→ **The problem**:
In the listing below, print exactly the lines between the line holding "Ford KA 1 (RBT) Бампер передний" and the line holding "これは2年前まだ無愛想だったクロ", inclusive, and no more.

→ **Material supplied**:
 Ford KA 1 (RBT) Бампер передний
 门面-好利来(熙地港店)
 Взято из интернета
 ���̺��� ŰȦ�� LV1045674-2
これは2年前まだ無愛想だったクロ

* * *

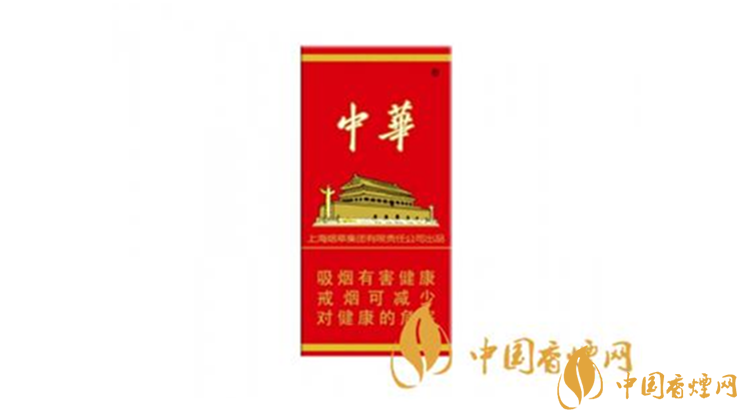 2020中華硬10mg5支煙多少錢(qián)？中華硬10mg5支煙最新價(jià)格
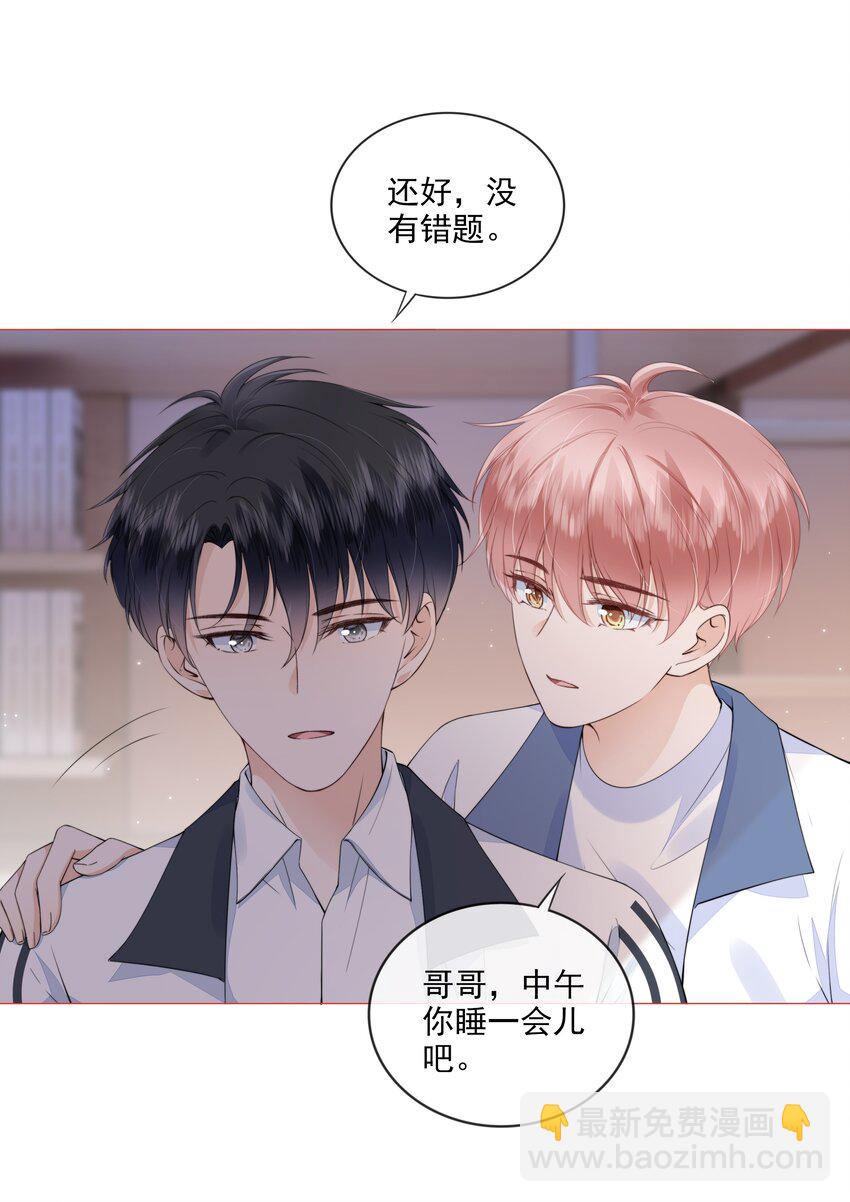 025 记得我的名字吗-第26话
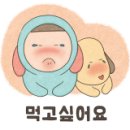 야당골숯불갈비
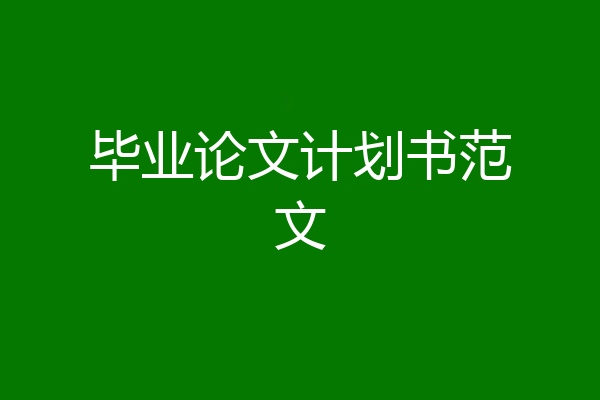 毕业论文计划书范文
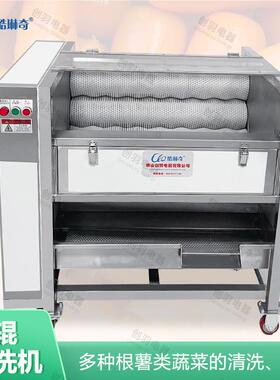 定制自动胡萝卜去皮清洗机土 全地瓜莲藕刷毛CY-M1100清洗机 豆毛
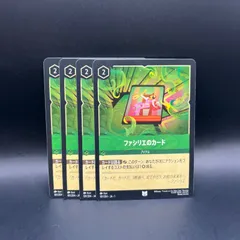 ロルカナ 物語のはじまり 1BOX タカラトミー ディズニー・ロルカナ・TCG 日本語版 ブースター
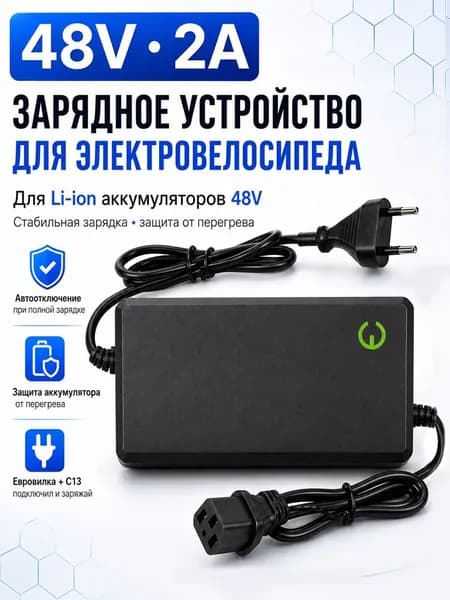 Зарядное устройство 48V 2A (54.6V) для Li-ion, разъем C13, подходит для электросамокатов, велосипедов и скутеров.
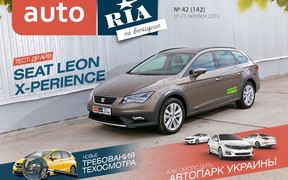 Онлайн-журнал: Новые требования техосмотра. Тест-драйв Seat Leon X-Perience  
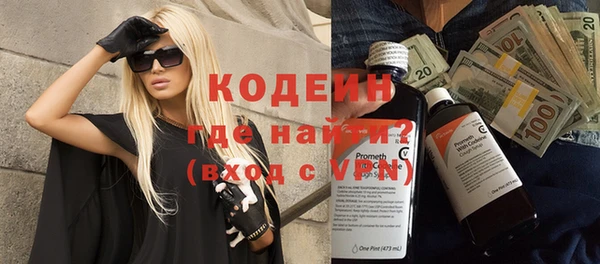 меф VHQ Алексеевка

---

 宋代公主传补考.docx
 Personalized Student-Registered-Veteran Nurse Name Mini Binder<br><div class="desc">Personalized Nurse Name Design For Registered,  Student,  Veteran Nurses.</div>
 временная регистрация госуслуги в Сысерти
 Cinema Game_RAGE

→ **Exercise result**:
 Ford KA 1 (RBT) Бампер передний
 门面-好利来(熙地港店)
 Взято из интернета
 ���̺��� ŰȦ�� LV1045674-2
これは2年前まだ無愛想だったクロ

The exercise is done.